How do we get behind the fist? Where are the soft parts of the system, and which ones should we target first? Does AP provide any special insight here?

Again, probably not. AP might offer some insight into how our evolved predilections are being abused, how our unfulfilled social and psychological needs have been crafted into shackles yoking us to the machine’s drivetrain. But potentially exploitable vulnerabilities of the global system are independent of any social-political perspective.

Perhaps it is only after revolution is in progress that some distinctions between AP and other anarchist perspectives begin to emerge. For one thing, AP is less likely to balk at relinquishing the products of capitalist techno-culture once they are no longer needed as insurrectionary tools. Continued reliance on the accouterments of civilization implies continued dependence on potentially oppressive systems of control, and thus restricts the scope of revolution.

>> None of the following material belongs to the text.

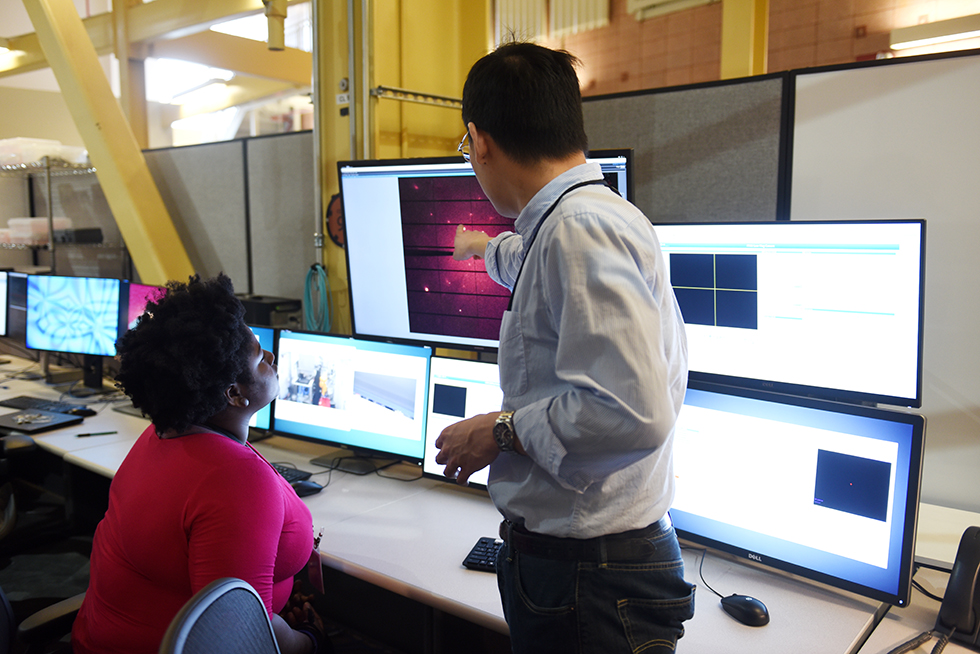 A student sits at a table looking at a computer screen as a scientist points out something on the screen.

Also, AP is no different from some other anarchist perspectives in stressing the importance of local self-reliance; local self-reliance not only promotes the disintegration of the global system, it also serves as a potential prophylactic against at least some of the ensuing consequences. But for AP, local self-reliance is not merely a means; it is an end in itself.

And then there is the question of what happens next. Where do we go after the global machine crashes? Here is where AP has something unique to offer.

In 1978, Masanobu Fukuoka wrote The One Straw Revolution, a book promoting a “do-nothing” approach to organic farming. Modern industrial farming attempts to force nature by imposing an artificial structure on the natural world. The do-nothing approach involves working with the land’s evolved propensities: simply scatter seed on an existing uncultivated field and allow the straw from one harvest to sit on the field and decompose naturally even as the next season’s crop is being sown. After a few seasons, the field is producing almost as much as a commercially cultivated and chemically treated field, and there is a net improvement in the soil season by season.

Industrial civilization forces us to live in an unnatural, highly “cultivated” manner, and by living in this way we destroy our environment in the same way that plants forced to live in industrial monoculture exhaust the soil. And, as with the crops of industrial agriculture, it takes an enormous amount of energy and resources to maintain our lifestyle because we are being forced to live in conditions that run counter to our evolved propensities.

Fukuoka’s solution is to stop the machines, let the soil and the plants do what they have been designed to do through several hundred million years of evolutionary fine-tuning. Likewise, the solution to restoring our social environment is to stop the machine of civilization, stop forcing our lives into conformity with an artificial and inhuman mode of being. Out of civilization’s remains will eventually emerge fertile ecological and social “soil” for nurturing all of our human needs. The problem will be one of stopping the cultivators, putting an end to the mechanical disturbance, and then having the patience to allow the dust to settle — and the fortitude to accept that the dust of civilization’s collapse will still be in the air that our great-great grandchildren breathe.

An AP interpretation of Fukuoka’s solution breaks down to two parts. First, we need to put an end to the mechanical cultivation. We need to stop the industrial machine that is devouring the natural world and degrading our humanity. Second, in its place we need to cultivate patience, we need to allow the “soil” to heal itself and reestablish its ability to sustain and nourish.

The first part will be the hard part. Perhaps impossibly hard. But we will be supported in the second part by our own evolved human nature.

It is worth repeating: every child is born expecting the Pleistocene.